Une autre part du mystère réside dans ce refus total de la part de Dylan de commenter ses textes, d’en donner les clefs. Cauchemar des journalistes (voir l’excellent documentaire Don’t Look Back de 1965), cette abnégation alimentera sa légende. Paradoxalement, Dylan n’aura jamais cherché autre chose qu’une forme de vérité et de pureté dans ses chansons, et non pas à mystifier.
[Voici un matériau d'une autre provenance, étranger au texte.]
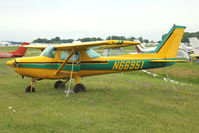 N66951 @ OSH - At 2011 Oshkosh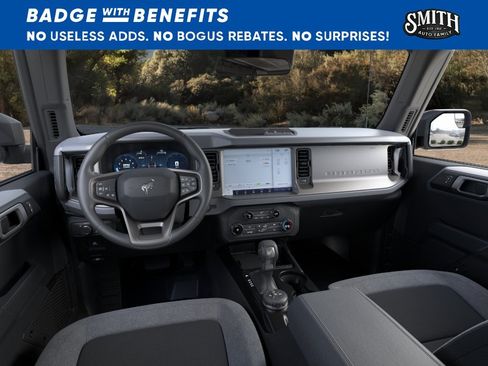 New 2026 Ford Bronco Big Bend AWD/4WD image 10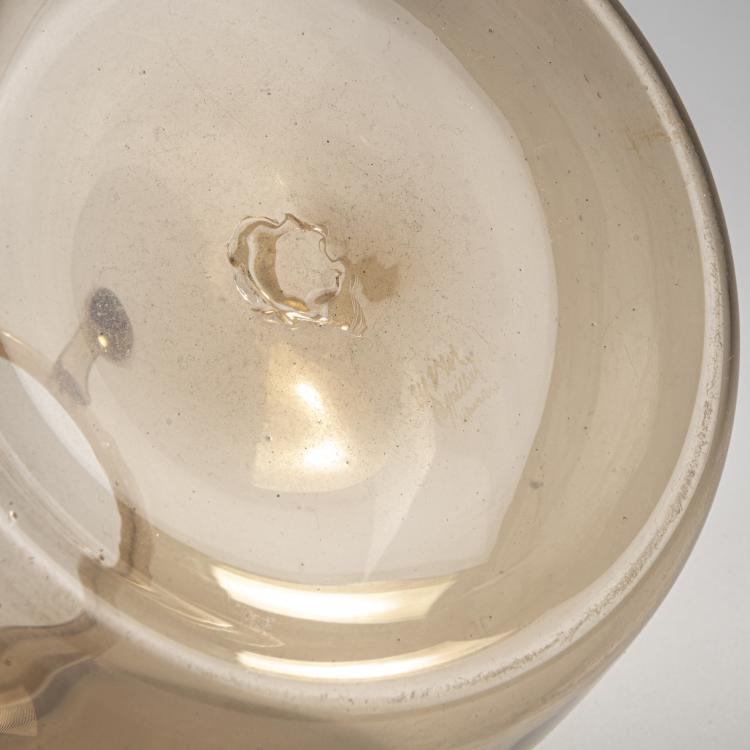 Bild 2 zu Objekt, Vase, 1921-23, Vittorio Zecchin, Cappellin, M.V.M., Murano, 173C 585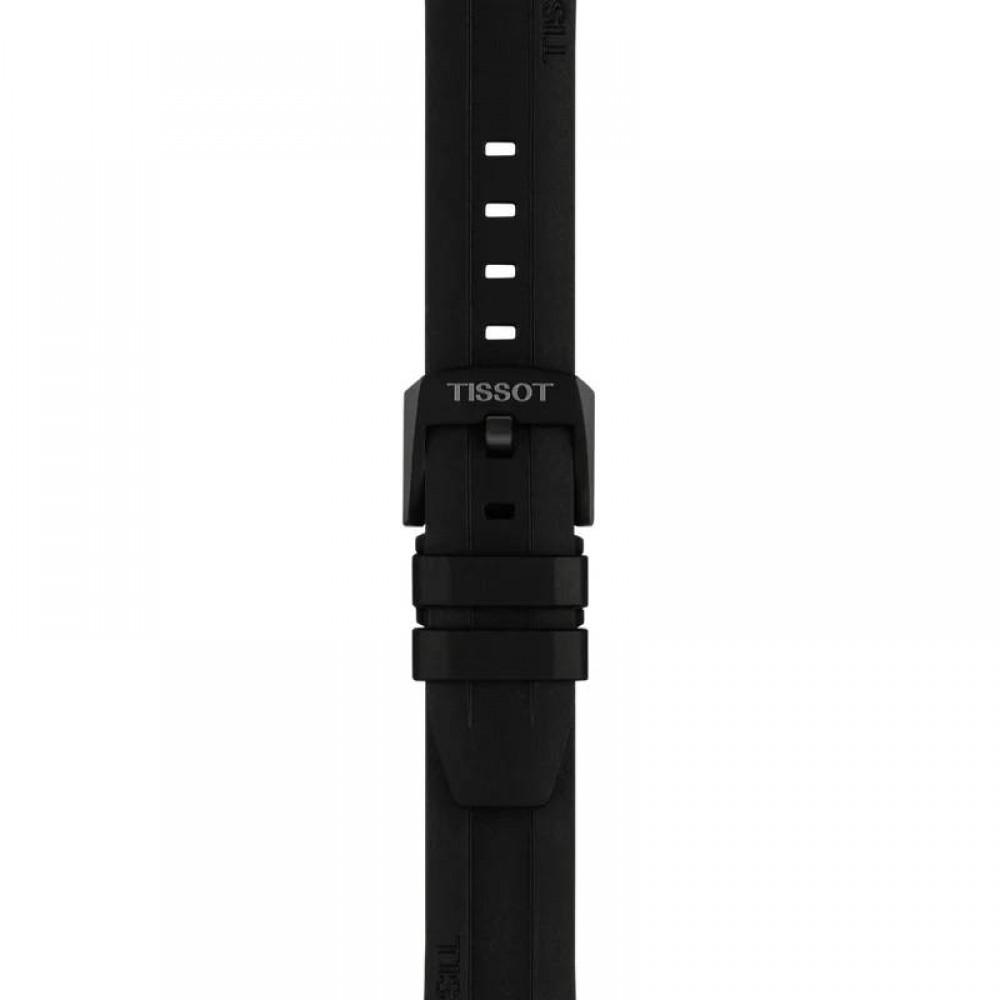 TISSOT PR 100 Tour de France 2026 Ρολόι Ανδρικό με δύο λουράκια T1504173705700 TISSOT PR 100 Tour de France 2026 Ρολόι Ανδρικό με δύο λουράκια T1504173705700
"At dawn my lover comes to me

And tells me of her dreams

With no attempts to shovel the glimpse

Into the ditch of what each one means

At times I think there are no words

But these to tell what’s true

And there are no truths outside the Gates of Eden."
Gates of Eden
"C’est une forme de vérité viscérale que cherche toujours Dylan, une vérité qui se ressent dans tout le corps, croit Paul Williams, auteur de nombreux ouvrages à propos du chanteur qu’il a côtoyé, dont les deux fabuleux volumes Bob Dylan as a Performing Artist, The Early Years et The Middle Years [au moment de l’entretien, Williams entreprenait l’écriture d’un troisième volume]. Je crois qu’il vit surtout cette expérience en spectacle. Non pas chaque fois où il monte sur scène, mais il y a des moments où il sent une vérité qui, pour lui, est très satisfaisante car elle est son point de référence. Il s’agit du même type de vérité qu’il retrouvait dans les enregistrements de chanteurs de blues. Ses aspirations sont toujours de faire une musique qui ait la puissance et les qualités de celles qui le renversent en tant qu’auditeur. Pourquoi continue-t-il de jouer, de monter sur scène? Parce qu’il y vit cette expérience qui le traverse et le transit."

DeCurtis conclut: "Dylan est devenu exactement ce qu’il aspirait à devenir étant jeune: un vieux sage, identique à ceux qu’il imitait lorsqu’il a débuté. Il est devenu la référence."